よく考えると、わたしたち共通語に慣れた人間は「川」と書いたら「かわ」と読むものと、文字と読みは一対一で対応していると思いこんでいる。しかし、言葉は生きものと言われるように、読み方はこれまでも変化してきたのかもしれないし、その経過は今となってはわからない。さらに、現在私たちが思い浮かべる川と当時の川が同じものを指すのかどうかもわからない。

現にうちなーぐちでは、川は〈かー〉と発音するが、井戸も〈かー〉。水が流れている様と、湧いている様の両方を〈かー〉と表す。だから、単語帳をつくって「かーは川と井戸を表す」と記してもしょうがない。実際に言葉を使って、文脈の中で自然に発音し、意味を表現できるようになるまで、言葉の持つ世界を理解しないとならない。言葉の持つ世界とは、その〈うちなーぐち〉が、どのような単語とどのような分類で見たこと聞いたことを表すかという言葉の整理棚のことである。この整理棚が世界の言葉で全部違うから、言葉は文化と言われるのである。

沖縄方言新聞もこの整理棚ごと伝えようと、あえて文字と発音と記事内容が一体となった新聞として発行しているのだ。沖縄方言普及協議会では、沖縄の古文書や〈やまとぅんちゅ〉の万葉集のように、音が同じで意味が違う当て字を使わず、意味が一致する漢字を当てはめている。例えば、顔は「ちら」だが、語源からすると面(つら)のほうが正しい。古文書は漢字表記でしか残っていないので、どんな規則性があって、どう読まれていたか、推測することが難しいからだ。そのために、我々〈やまとぅんちゅ〉でも、漢字だけ追っていけば新聞で言おうとしている意味をある程度つかむことができる。

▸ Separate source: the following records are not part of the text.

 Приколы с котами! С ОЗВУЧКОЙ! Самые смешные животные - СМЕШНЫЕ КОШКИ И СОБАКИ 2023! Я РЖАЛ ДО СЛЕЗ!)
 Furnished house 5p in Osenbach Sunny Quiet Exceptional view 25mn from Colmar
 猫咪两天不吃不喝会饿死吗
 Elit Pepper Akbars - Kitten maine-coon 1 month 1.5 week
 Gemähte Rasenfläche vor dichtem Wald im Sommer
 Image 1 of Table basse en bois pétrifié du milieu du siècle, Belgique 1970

活動を始めた当初、まず手をつけたのは、かな表記法を定めることだった。これをテーマにシンポジウムも行った。表記法が決まらないと、新聞もテキストもつくれないからだ。今、この成果は少しづつ現れている。

沖縄方言新聞

沖縄方言新聞

雨の言葉

そんな沖縄方言で、水や雨がどのように表現されているのだろうか。

宮里さんはこんな言葉を教えてくれた。

流し〈ながし〉、片降り〈かたぶり〉はともにスコールのような雨。待兼雨〈まちかんてぃーあみ〉は待ちかねたほどの恵みの雨。川〈かーら〉とは私たちの想像する川。河原から転じたものか? 川〈かー〉は井戸。雨降飢饉〈あみふいやすー)は長雨による飢饉。ちなみに飢饉を〈がし〉と言い、餓死は〈やーさじに〉と言う。沖縄というと南方の豊かな陽光が照りつける光景ばかりを思い浮かべていたが、ちょうど収穫の時期に台風が多く、雨が多すぎて飢饉になるという厳しい現実が存在することに気づかされる。雨は降っても降らなくても、暮らしを困らせる難しいものなのだ。

また、こんな方言もある。

「水は洗っては飲めぬ」〈みじぇーあらてー ぬまらん〉は水は一旦汚したら取り返しがつかない。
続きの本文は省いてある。